Noah shook his head. He didn’t have a clue.

“He’s not even in the city right now. He’s off on one of his holy pilgrimages somewhere.”

Noah looked at Neri. “Are you serious?”

“Does this look like the face of a man given to humor?”

It didn’t.

“Well that doesn’t change anything,” he said, trying to think through the precise implications of an absentee Pope. He hadn’t expected it to be a straightforward fix, but it wasn’t Day of the Jackal either. The original plan had been to make friendly with the locals, get the ear of the captain of the Swiss Guard, convince him of the seriousness of the threat, and get the Pope moved somewhere safe. The odds of their taking him seriously had always been slim at best. And while the religious types might stubbornly cling to the idea of God being their armor, the odds were that the Swiss Guard were a damn sight more practical.

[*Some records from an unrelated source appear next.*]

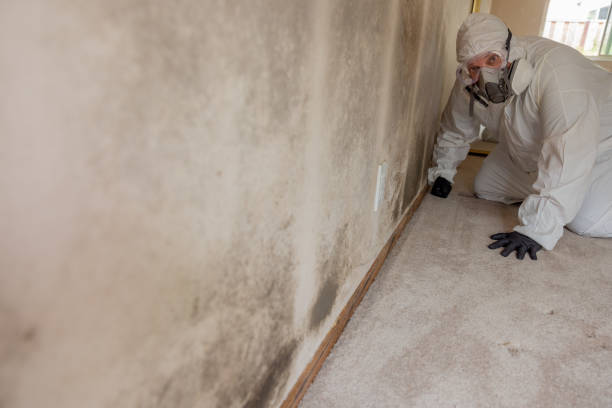 Best Airborne Mold Testing  in Valley, NE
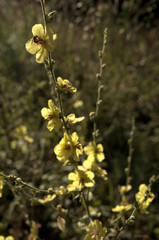 Verbascum nigrum; black mullein in Tuscan meadow
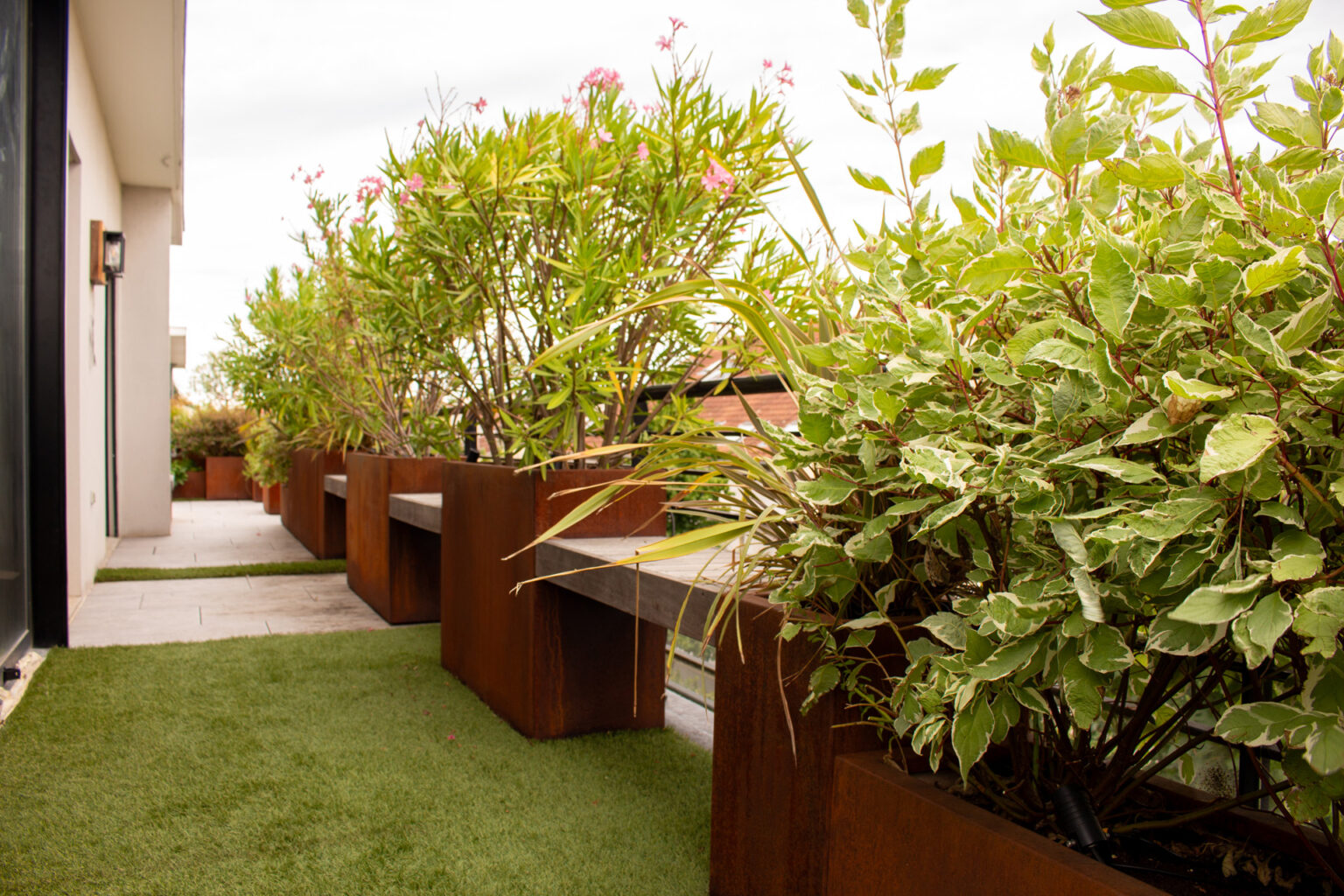 Bancs en ipé sur mesure suspendus entre des bacs corten plantés de lauriers-roses et de cornus panaché – projet PAEONIA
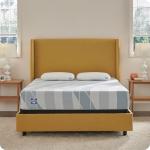 Sealy Dreamlife 10” Hybrid Mattress-in-a-Box, Queen, SealyComfort Gel Memory Foam, SealyResponsive Encased Coils, Surface-Guard Technology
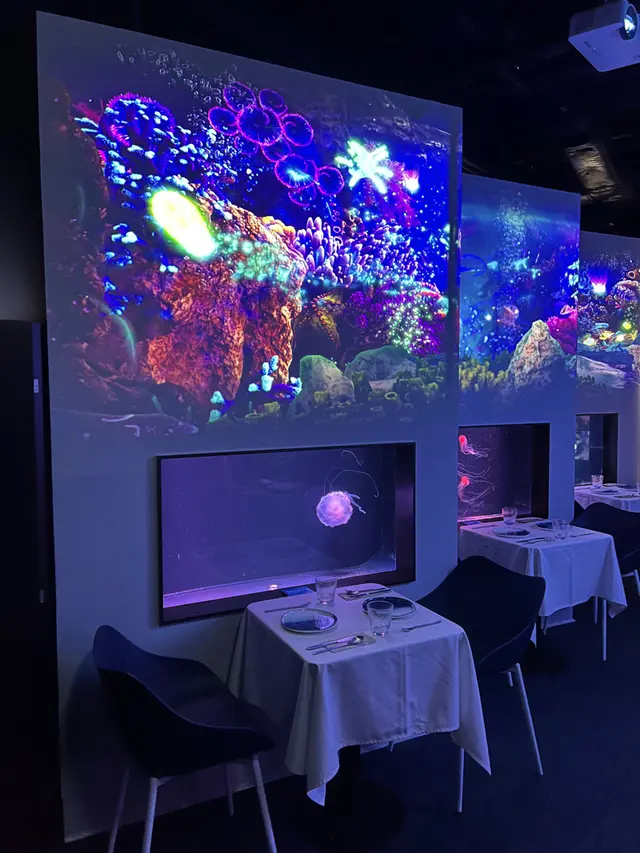 部分餐枱旁有水母伴著大家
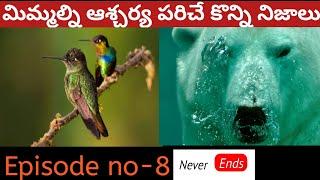 Top 10 Amazing facts||Never End Facts||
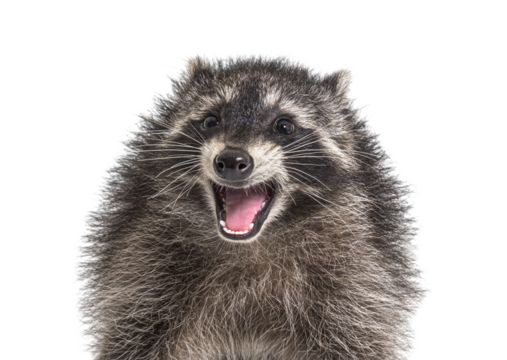 Portrait of a young raccoon mouth open. Weird expression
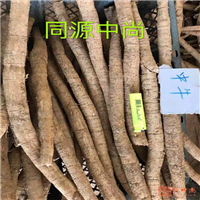 广东哪里有野生牛大力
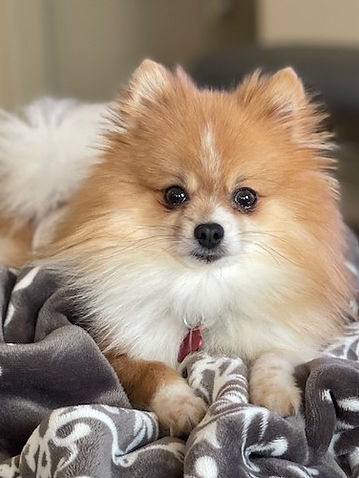 Gizmo .jpeg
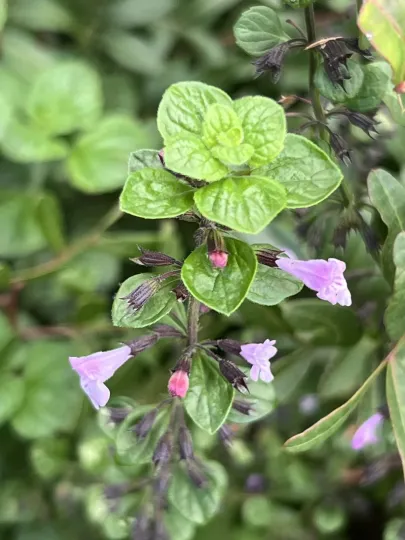Calamintha nepeta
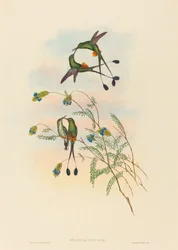 Spathura peruana, raquette du Pérou. Créateurs : John Gould, Henry Constantine Richter.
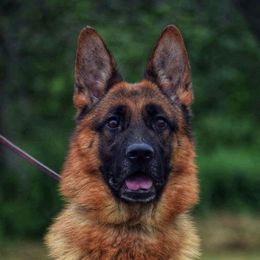 Lari - German Shepherd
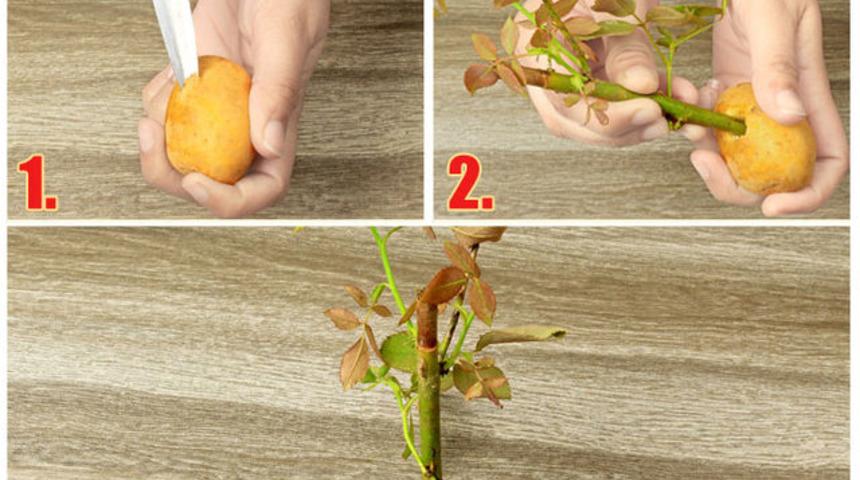 Patatesin Şaşırtıcı Şekilde Garip ama Pratik 10 Kullanım Yeri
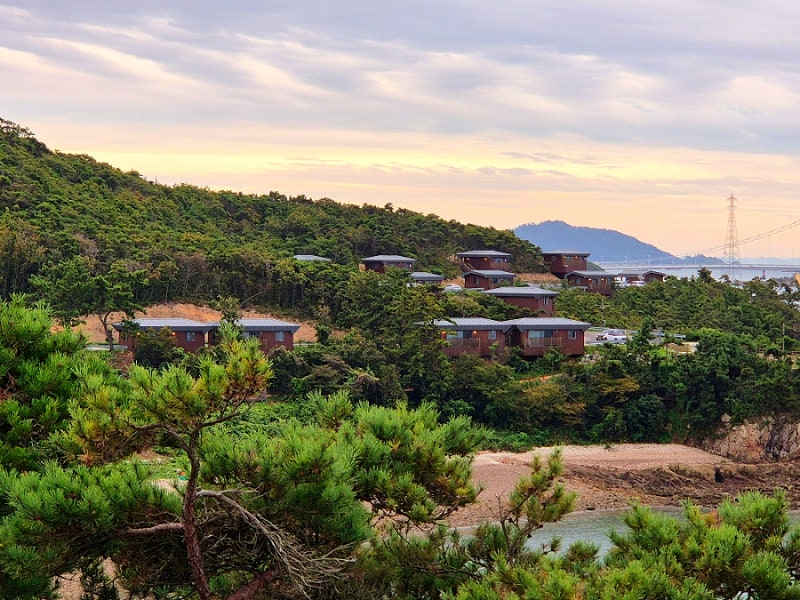 군산 가볼만한곳 국립신시도자연휴양림｜바다뷰 산책로 전망대까지 여행정보 총정리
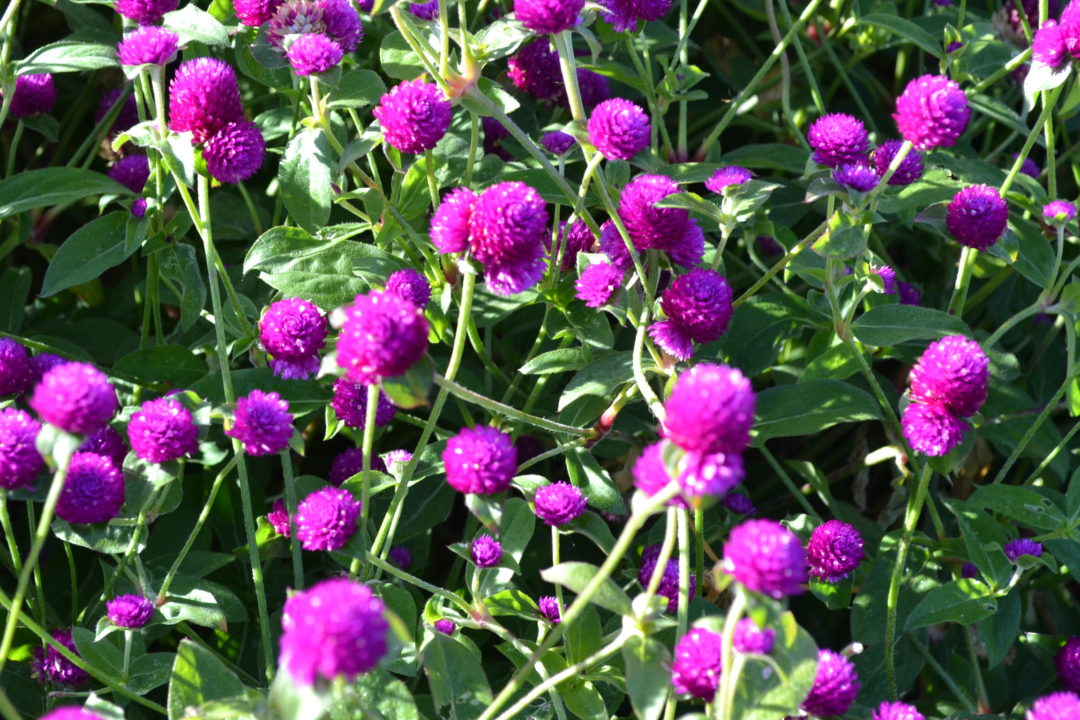 Gomphrena Ez Gro Purple Flower - Green Thumb Advice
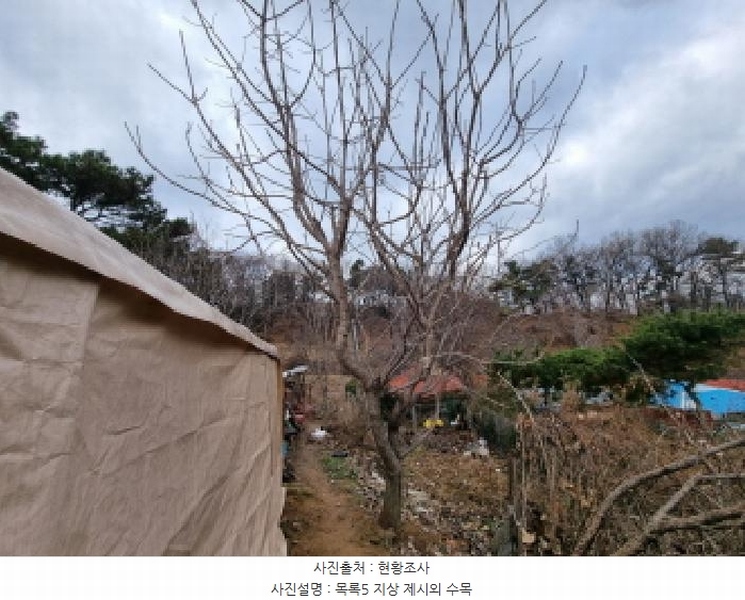2025타경3998 대전광역시 중구 석교동 248-2 농지 경매 이미지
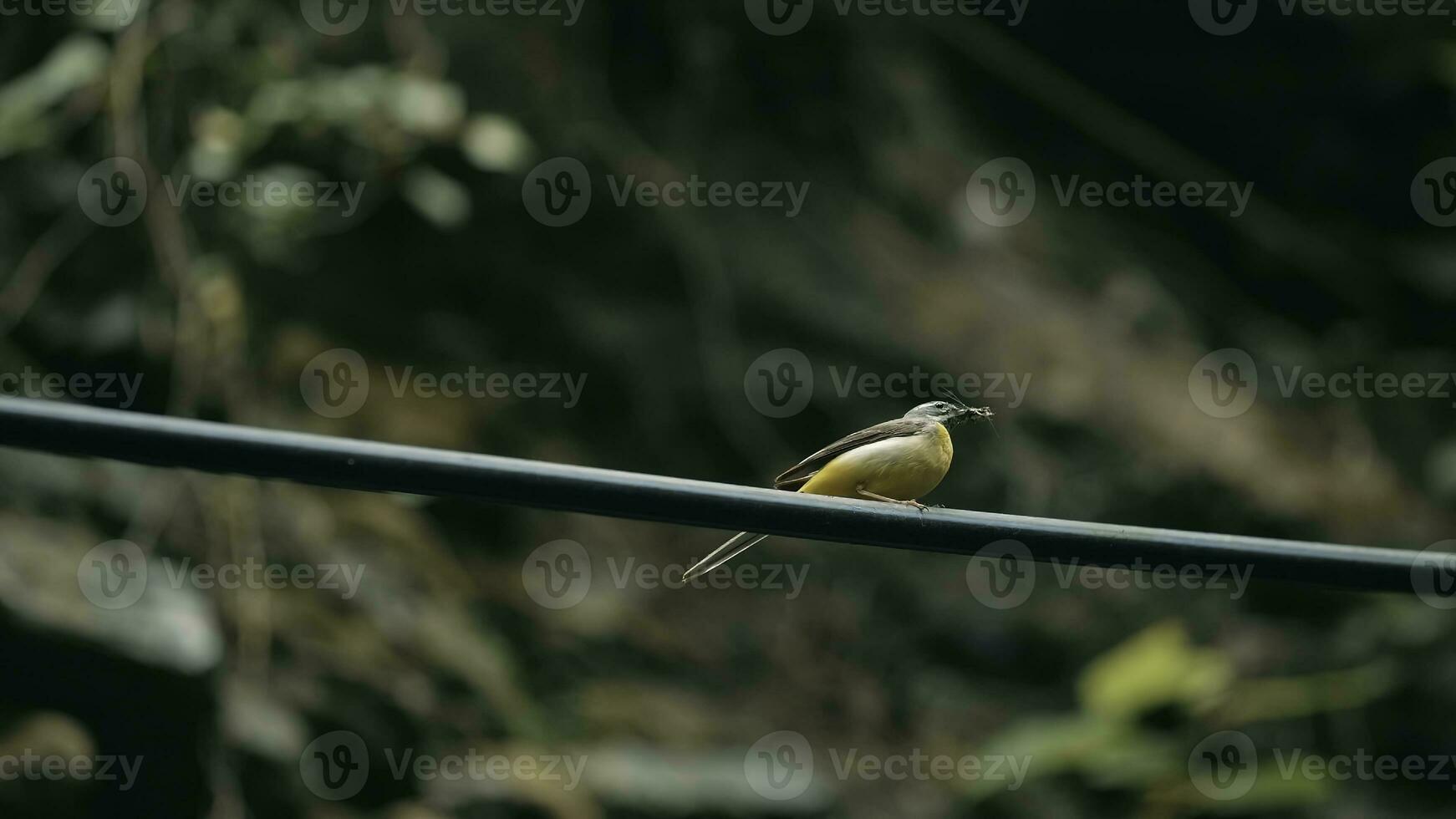 Beatiful bird. Creative. The preatty yellow bird is looking for food while is weating for his couple photo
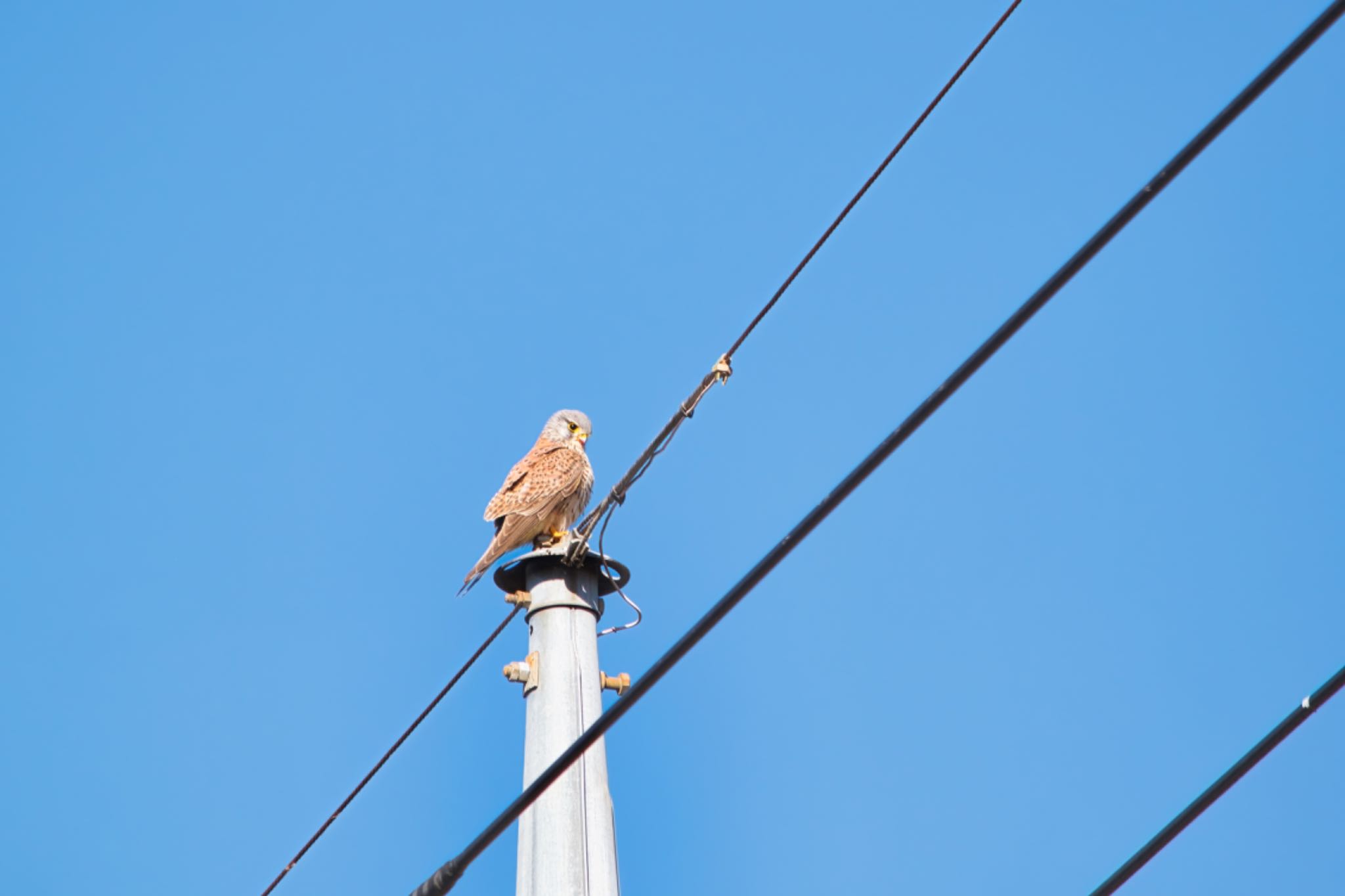 Photo of Common Kestrel at 吉見総合運動公園 by naturedrop
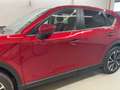 Mazda CX-5 CX-5 2.5 e-Skyactiv-G Mild-Hybrid Ad'vantage 2WD Rot - thumbnail 4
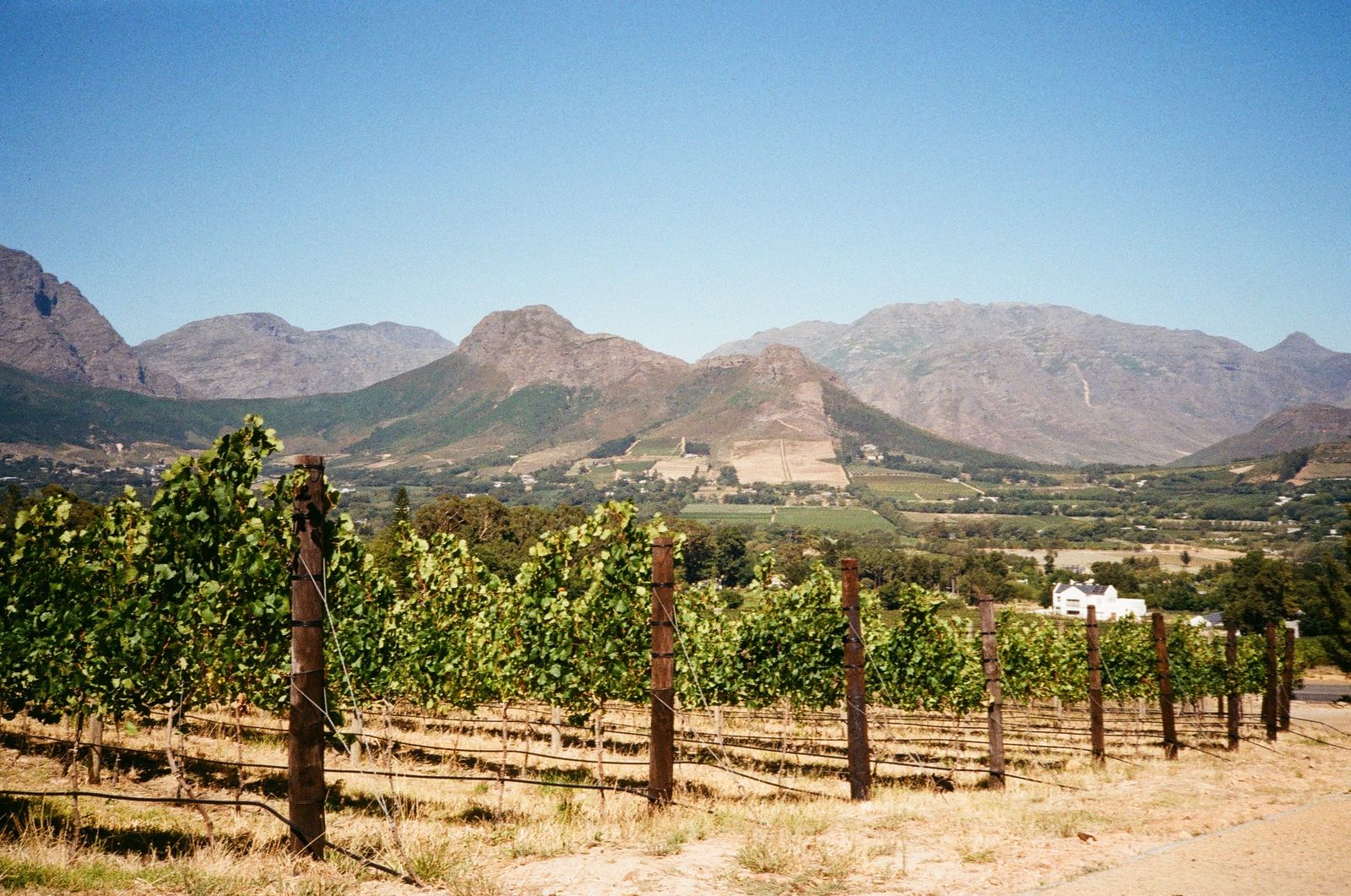 Franschhoek vineyards and mountains, Cape Winelands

They’d be idiots not to take a threat on their man’s life seriously-at least until it was proven otherwise.

If the strike was against the Pope directly, his being out of the country would just move the locus of danger. They would be looking to get word to those closest to him, step up security and, more likely than not, arrange an evacuation to a safe house while the threat was neutralized. If it was against the Seat of the Catholic Church it didn’t matter if the Pope was in residence or not, the attack would go ahead. The manner of the attack itself would be the only real difference. To be sure one man died, the most effective way was something intimate: a sniper, poison, a car-bomb, something that could be aimed. To take out something as nebulous as the faith itself was moving back into the realm of spectacle. A bomb most likely. A series of bombs. Something big that was going to make a lot of very visible mess.

Noah was back to thinking about terror as a sort of performance art, all the world’s a stage and all that. It had to be visible, it had to be shocking and it had to shake the believers to the core. Seeing the rescuers picking through the rubble, desperately looking for survivors while all of their relics and their hopes burned would send a statement to the faithful. He said as much to Neri. The policeman nodded, thinking it through for himself.

Terror as spectacle. That was the one thing that bothered Noah about all of this. These attacks were causing terror, but to what end? What was the cause? What did these people hope to achieve beyond instilling fear in Europe? There should have been videos going viral on the Internet already. Someone out there should be claiming responsibility and telling the world what they wanted in return for ending the fear. That was the way it worked.

“Whichever way it goes, we need time,” Neri said. He left the second half of that sentence unsaid. “We can sweep the perimeter of the Vatican, but assuming they’ve not left us a nice rust bucket with a sign painted on the side that says ‘bomb,’ it’s going to take time. And if they’ve planted it across the border in the land of Great God Almighty, we’re shit out of luck.”

“They’ll listen to you, surely?” Noah said.

“This is Rome. They’ll stick their fingers in their ears and make like they can’t hear a damned thing we’re saying because they think they’re all invincible. They’re part of God’s Army. There’s nothing worse than the grand delusions of True Believers. They either think they’re immortal, or they are quite happy they’re off to a better place.